Prognosis remains unclear. Some cases have reported outcomes similar to poorly differentiated breast carcinoma, with low overall survival rate. In this case however, the clinical course was relatively favorable with primary surgical treatment alone and resulted in no evidence of disease recurrence at 36 months. This case unveils that surgical intervention alone can result in a favorable disease-free interval. More data is necessary to formulate management guidelines and further define if there is any role for systemic chemotherapy, radiation therapy, or hormonal blockade.
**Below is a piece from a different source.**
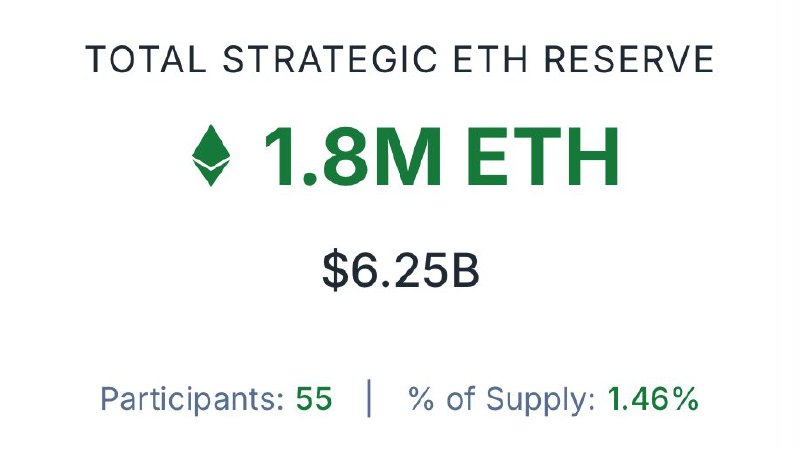 Ethereum logo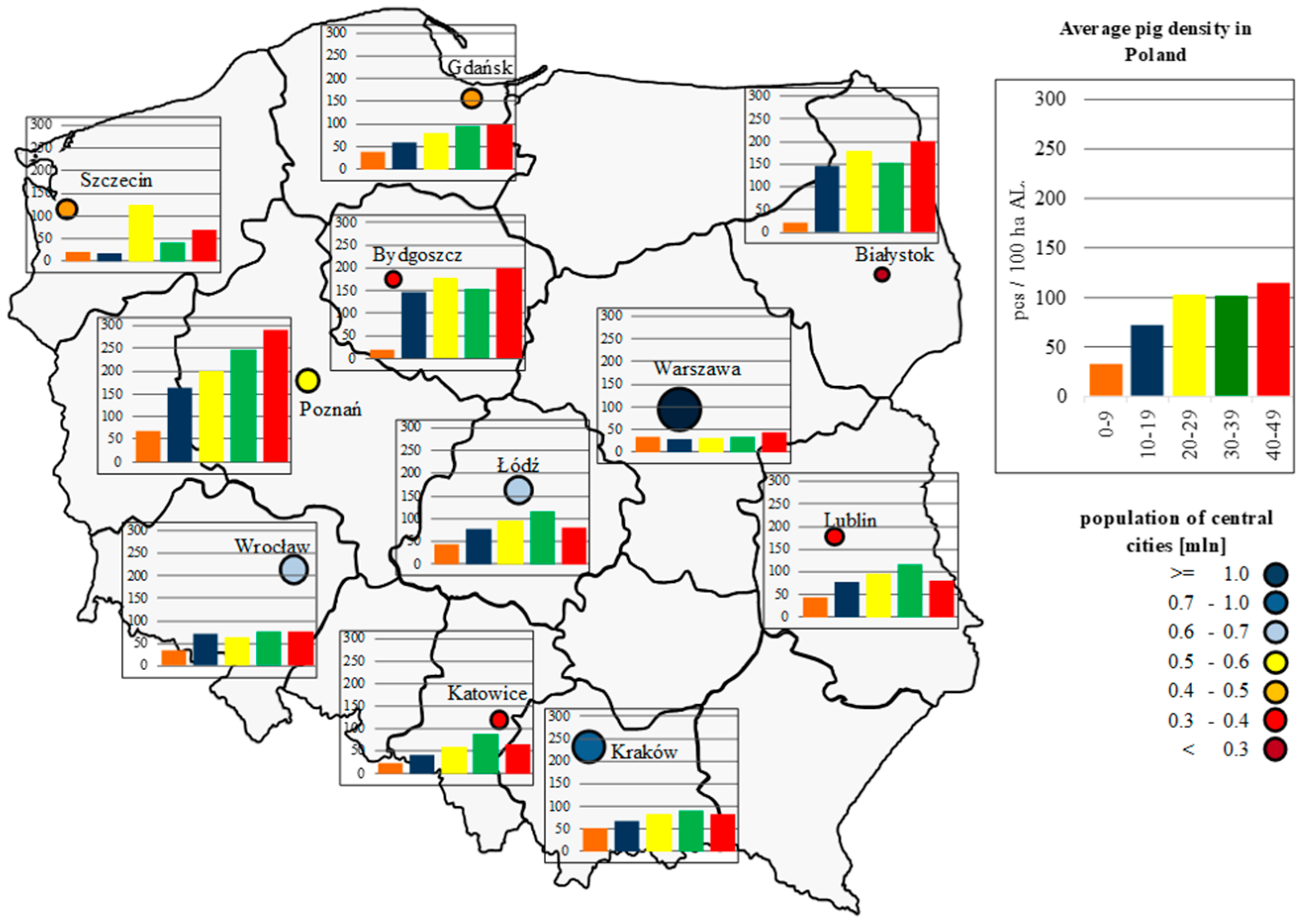 Sustainability 12 02619 g003 Sustainability 12 02619 g003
CONFLICT OF INTEREST STATEMENT

None.

ETHICS APPROVAL AND CONSENT TO PARTICIPATE

Our Lady of Lourdes Hospital Institutional Review Board Chair person provided an exemption for the publication.

CONSENT FOR PUBLICATION

Written informed consent was obtained from the patient prior to the submission of the report. The signed Institutional Consent Form is on-file.

FUNDING/FINANCIAL CONFLICTS

None.

AUTHOR’S CONTRIBUTIONS

NA collected case information, images, slides, contributor in writing the manuscript. ES collected background information, contributor in writing the manuscript. RP contributor in writing the manuscript, editing. All authors read and approved the final manuscript.